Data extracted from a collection
--------------------------------
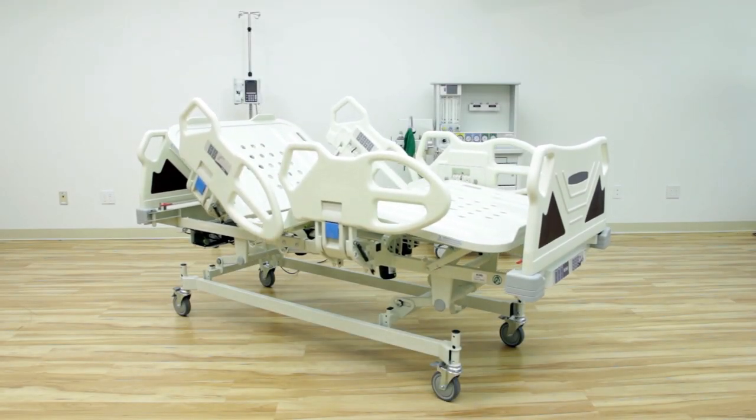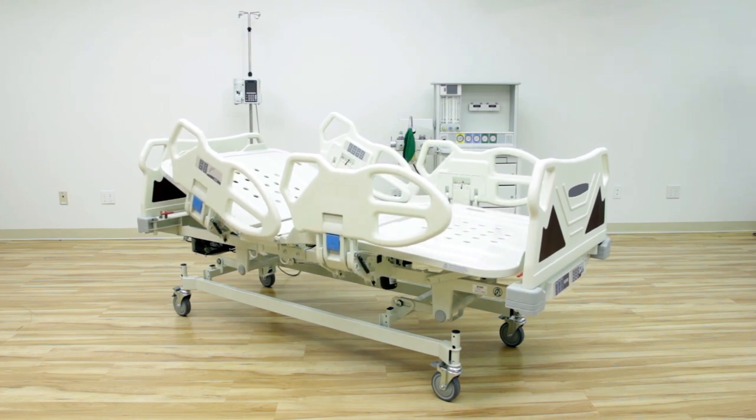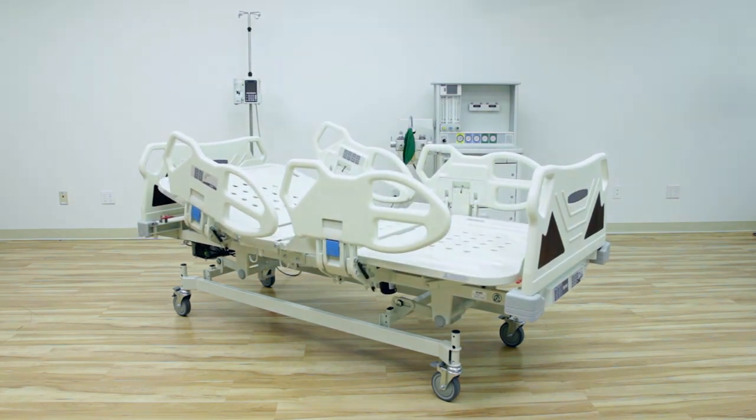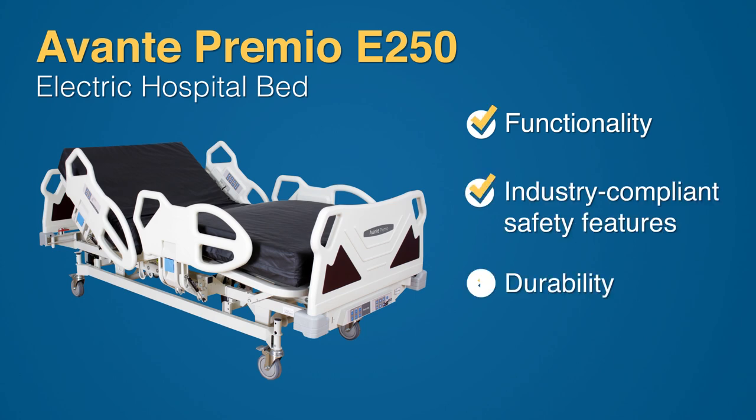The Premio E250 electric hospital bed is the perfect solution for hospitals, surgery centers, and teaching facilities. The Premio offers functionality, compliance with industry safety standards, and durability.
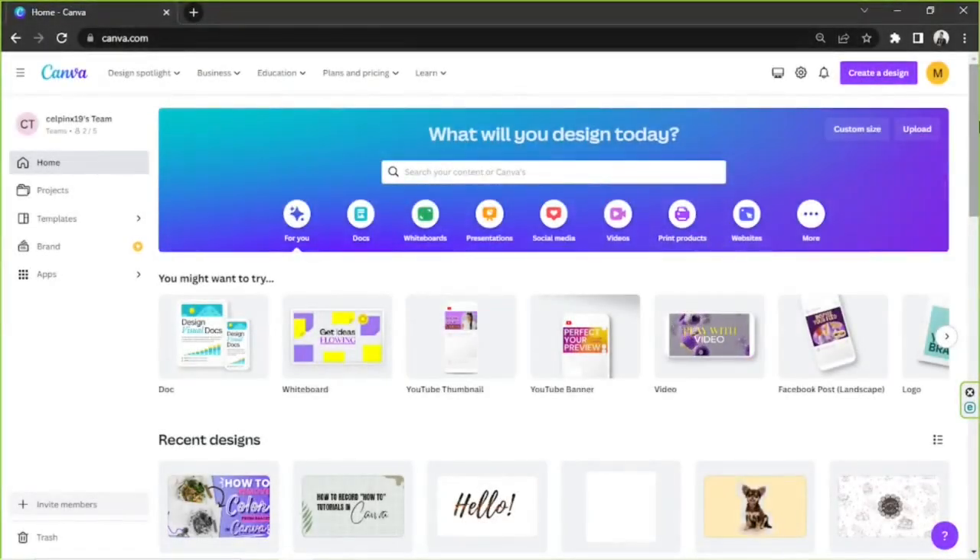Hello everyone. Today we're going to talk about printing A4 size in Canva. First of all, A4 is the most popular paper size and is considered the standard paper size for most printers.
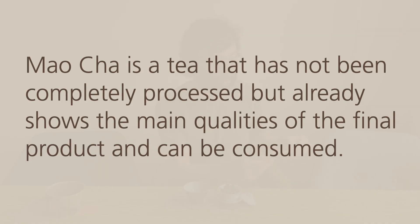So, mao cha is a tea that has not been completely processed, but already shows the main qualities of the final product and can be consumed. The fact that it shows the main qualities is very important — the main characteristics of the final product, of the jing cha, are already present in the mao cha. But it's not completely finished.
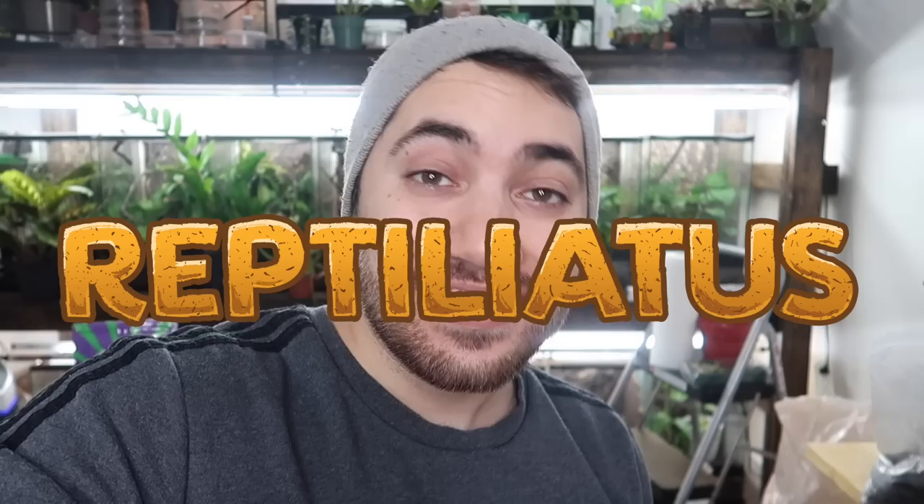Hey everybody, welcome back to my channel. My name is Dayan and you're watching Reptiliatis. In today's video, we are going to be doing a long-awaited isopod collection tour.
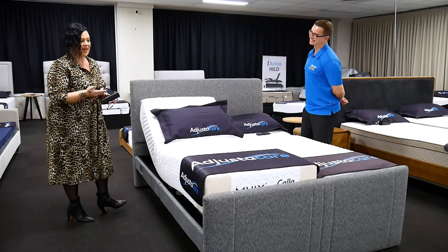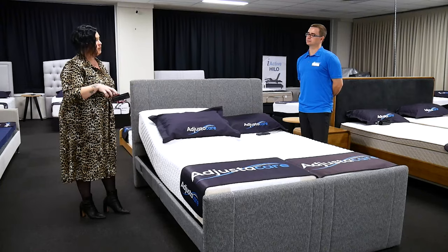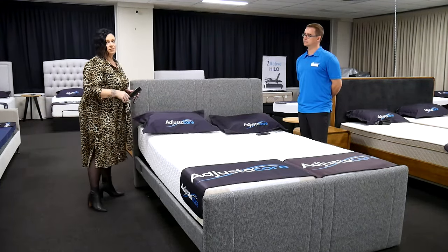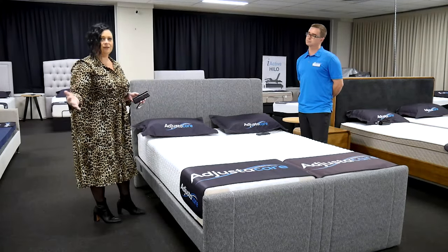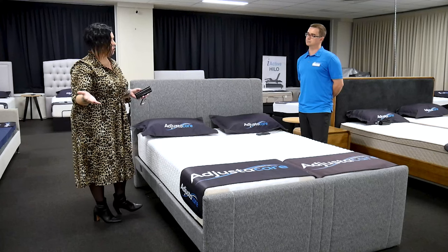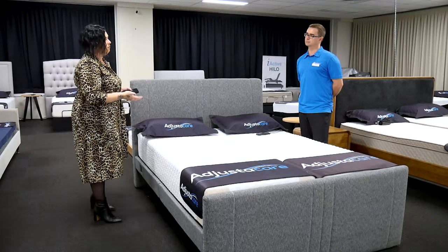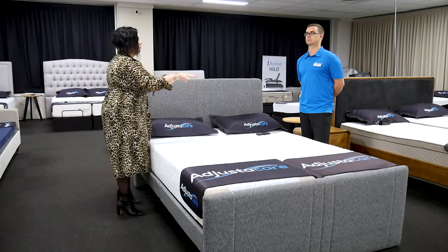It's available in split-queen and split-king options. A lot of other retailers don't have the split-queen option, so that's quite unique. Bed linen can be accommodated to fit it as well — it includes two fitted base sheets and then a queen flat sheet over the top with two pillowcases. So for clients transitioning from a standard queen bed, all they need to replace in their linen sets is the fitted sheet.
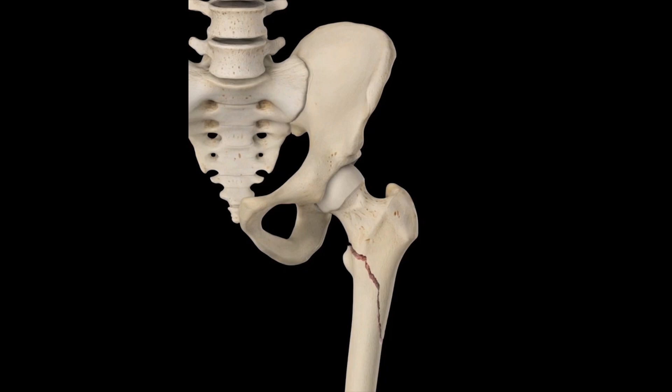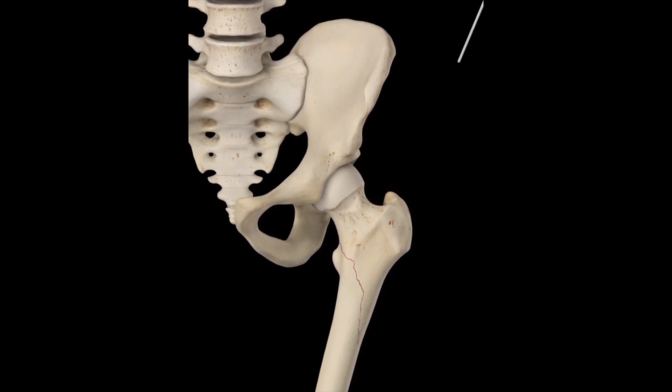The proximal femur has suffered a multifragmentary fracture that travels inferior medially along the intertrochanter line, exits below the lesser trochanter, and breaks the conical eminence away from the bone.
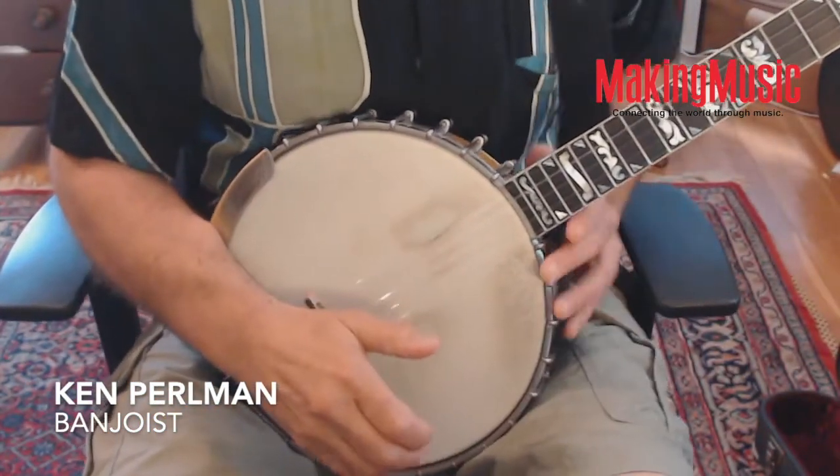Hi, I'm Ken Perlman and I'm going to teach you today two interrelated claw hammer skills — very basic skills called drop thumbing and double thumbing. Both of them involve using the thumb on the long strings of the banjo instead of just on the short or drone string. These skills are directly related to and are outgrowths of an even more fundamental skill called brush thumbing, which I'm sure almost all of you have learned by this point. We're going to start with that and run through a drill which will get you immediately to drop thumbing and double thumbing on all strings.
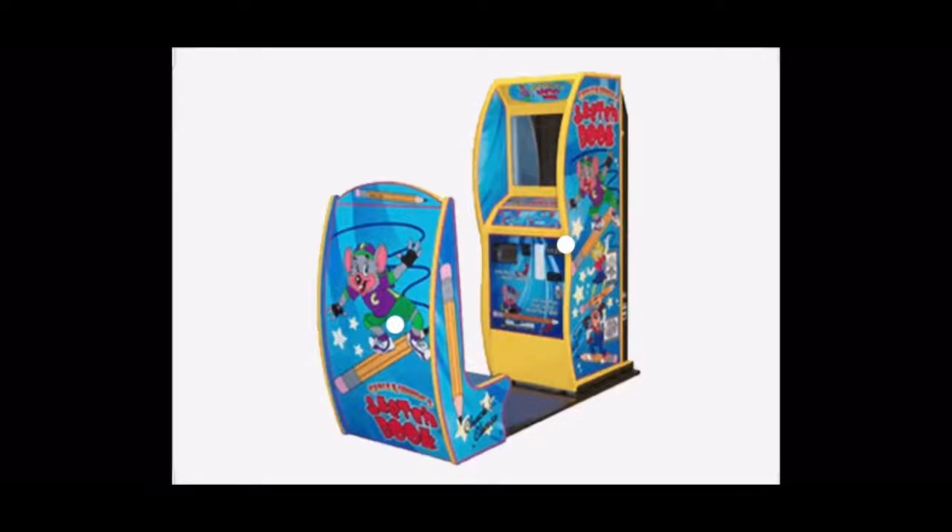Welcome to Chuck E. Cheese's Sketchbook. Just follow the easy step-by-step instructions. After you pose, you'll be able to watch me draw your sketch right before your very own eyes.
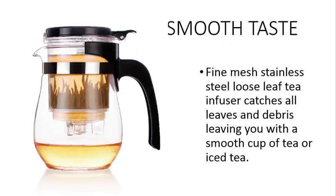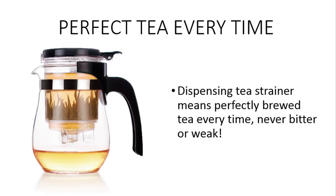You will enjoy smooth taste with the fine mesh stainless steel loose leaf tea infuser that catches all leaves and debris, leaving you with a smooth cup of tea or iced tea. The dispensing tea strainer means perfectly brewed tea every time, never under steeped or over steeped.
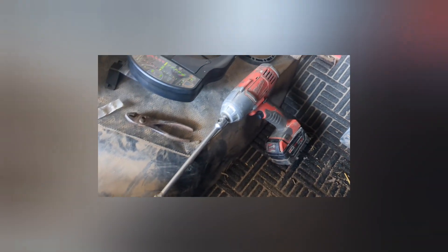Here's the final product. It would have been really difficult to get past the emergency brake right down there. I used a long extension and it worked out well to get the five bolts in.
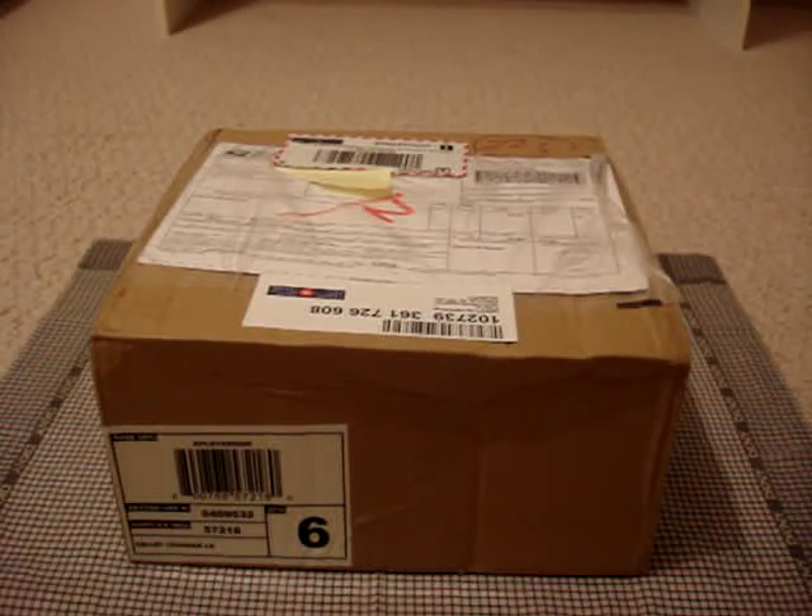Hey everyone, JordansTouchReviews here. Today's review is going to be on this cardboard box. No, I'm kidding. This actually arrived at my front door yesterday morning, and I was still asleep so I couldn't answer the door. They just left a note telling me to pick it up at the post office, which I did. Walked over there today at around 1 and picked this up. It's a pretty big box, so I'm pretty excited to get this open.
--------------------------------
### [Your instructions]
Both boundary lines included, write out word for word only the lines above from the one containing "Hello everyone. Today" to the one containing "Hey everybody, welcome", leaving out any pictures.

### [Written answer]
Hello everyone. Today we're going to talk about printing A4 size in Canva. First of all, A4 is the most popular paper size and is considered the standard paper size for most printers.
So, mao cha is a tea that has not been completely processed, but already shows the main qualities of the final product and can be consumed. The fact that it shows the main qualities is very important — the main characteristics of the final product, of the jing cha, are already present in the mao cha. But it's not completely finished.
Hey everybody, welcome back to my channel. My name is Dayan and you're watching Reptiliatis. In today's video, we are going to be doing a long-awaited isopod collection tour.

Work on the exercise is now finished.